• _Directions_
Please copy out the entries below exactly, beginning with the line that contains "Tenerife: PRIVATE Catamaran" and ending with the line that contains "Audi A1 1.6TDI-105кс= КЛИМАТИК", and include nothing outside that span.

• _Source data_
____________

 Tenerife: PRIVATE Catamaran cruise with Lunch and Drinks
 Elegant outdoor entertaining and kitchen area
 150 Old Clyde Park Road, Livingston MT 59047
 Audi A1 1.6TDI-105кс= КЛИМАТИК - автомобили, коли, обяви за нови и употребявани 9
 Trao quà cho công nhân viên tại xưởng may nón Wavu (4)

____________

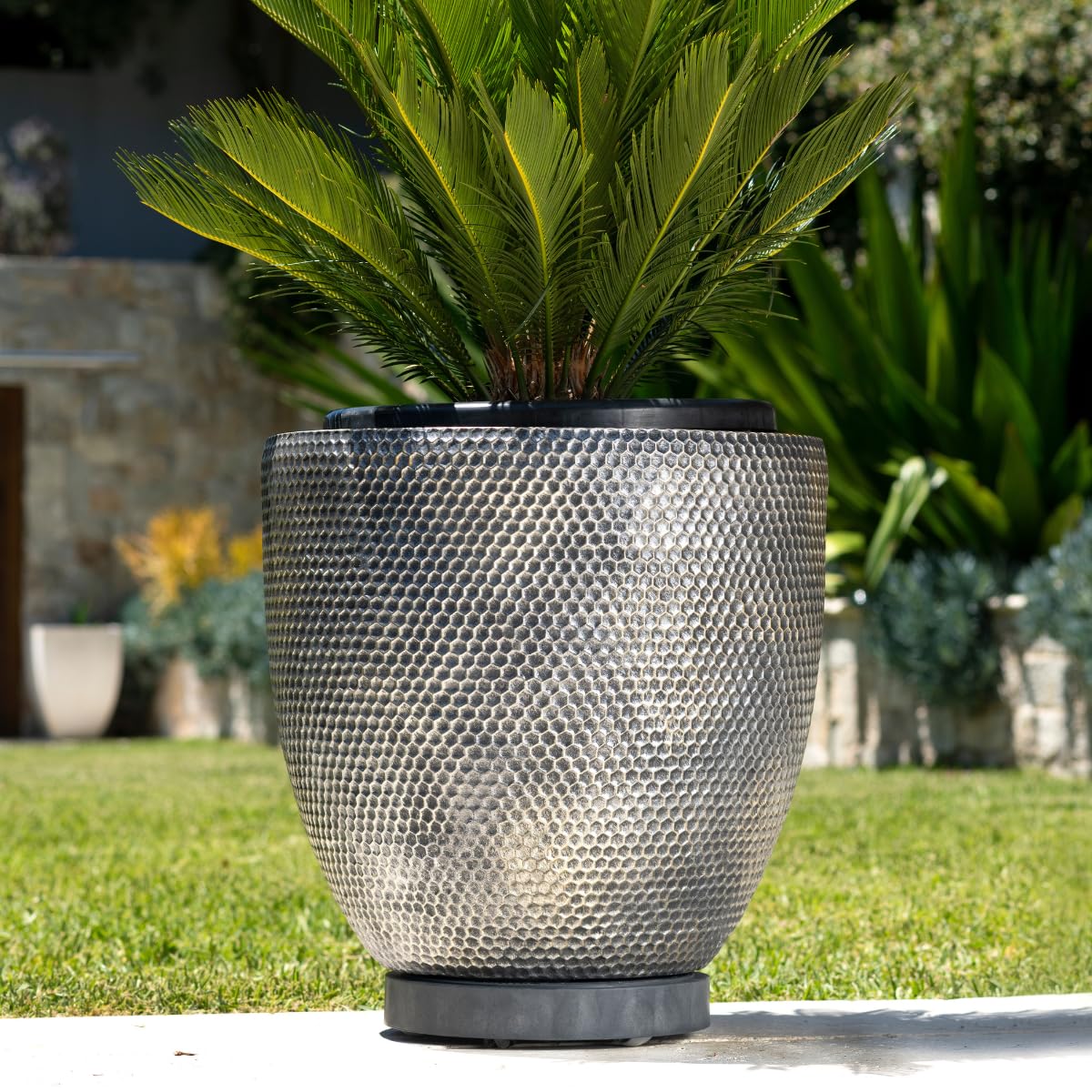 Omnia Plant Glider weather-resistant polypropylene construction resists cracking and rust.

____________

• _Exercise answer_
 Tenerife: PRIVATE Catamaran cruise with Lunch and Drinks
 Elegant outdoor entertaining and kitchen area
 150 Old Clyde Park Road, Livingston MT 59047
 Audi A1 1.6TDI-105кс= КЛИМАТИК - автомобили, коли, обяви за нови и употребявани 9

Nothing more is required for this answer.